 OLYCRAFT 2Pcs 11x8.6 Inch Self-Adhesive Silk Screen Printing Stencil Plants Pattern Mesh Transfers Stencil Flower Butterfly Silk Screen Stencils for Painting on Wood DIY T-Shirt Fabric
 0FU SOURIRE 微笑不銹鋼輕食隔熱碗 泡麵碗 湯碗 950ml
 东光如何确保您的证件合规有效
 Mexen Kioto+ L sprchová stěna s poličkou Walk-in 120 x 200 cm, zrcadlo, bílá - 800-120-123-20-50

* * *

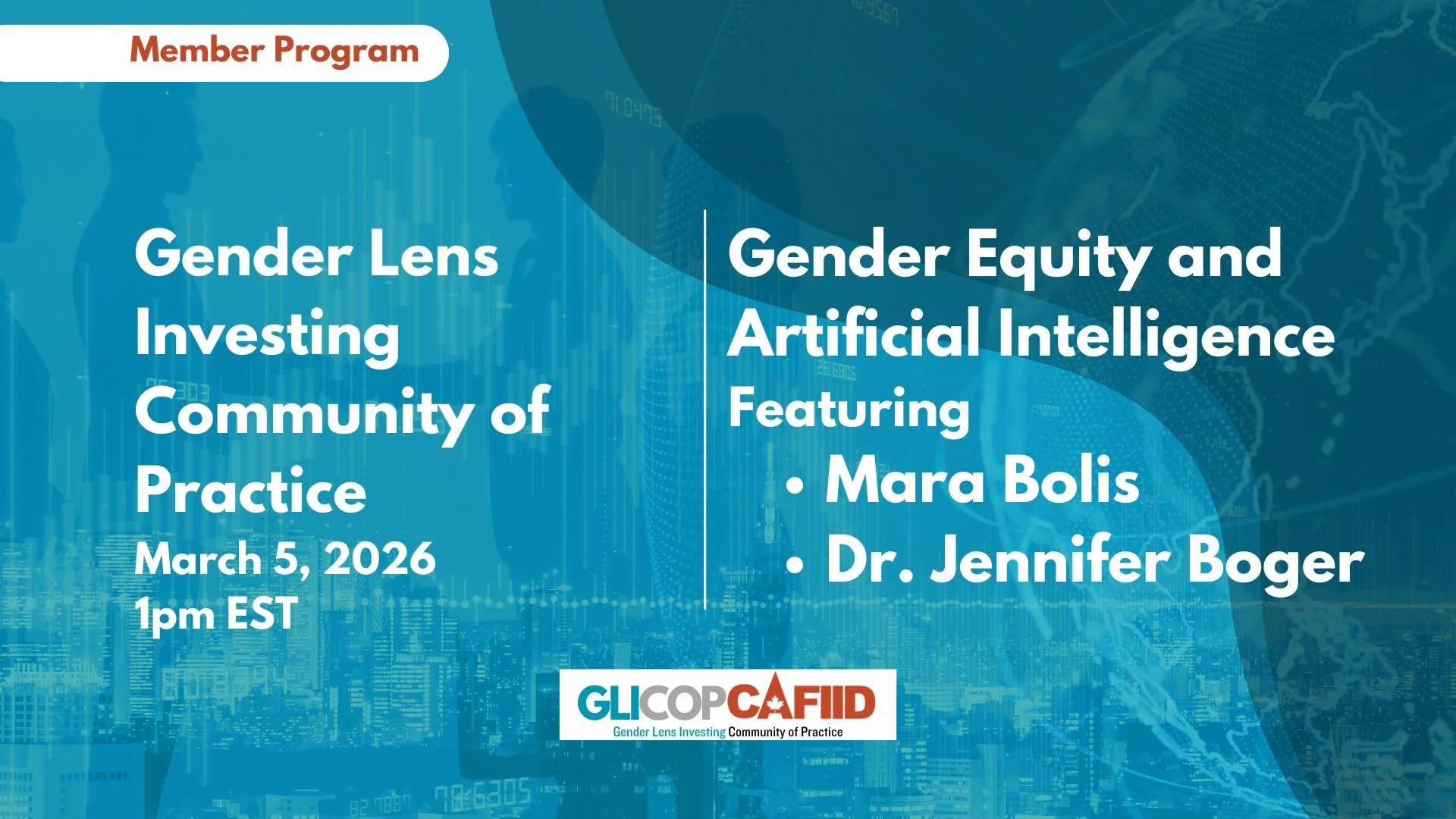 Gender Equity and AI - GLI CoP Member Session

§ **WHAT NEEDS TO BE DONE**
Output only an exact transcription of the lines above from the one with "0FU SOURIRE 微笑不銹鋼輕食隔熱碗 泡麵碗 湯碗 950ml" up to and including the one with "Mexen Kioto+ L".

§ **RESPONSE**
 0FU SOURIRE 微笑不銹鋼輕食隔熱碗 泡麵碗 湯碗 950ml
 东光如何确保您的证件合规有效
 Mexen Kioto+ L sprchová stěna s poličkou Walk-in 120 x 200 cm, zrcadlo, bílá - 800-120-123-20-50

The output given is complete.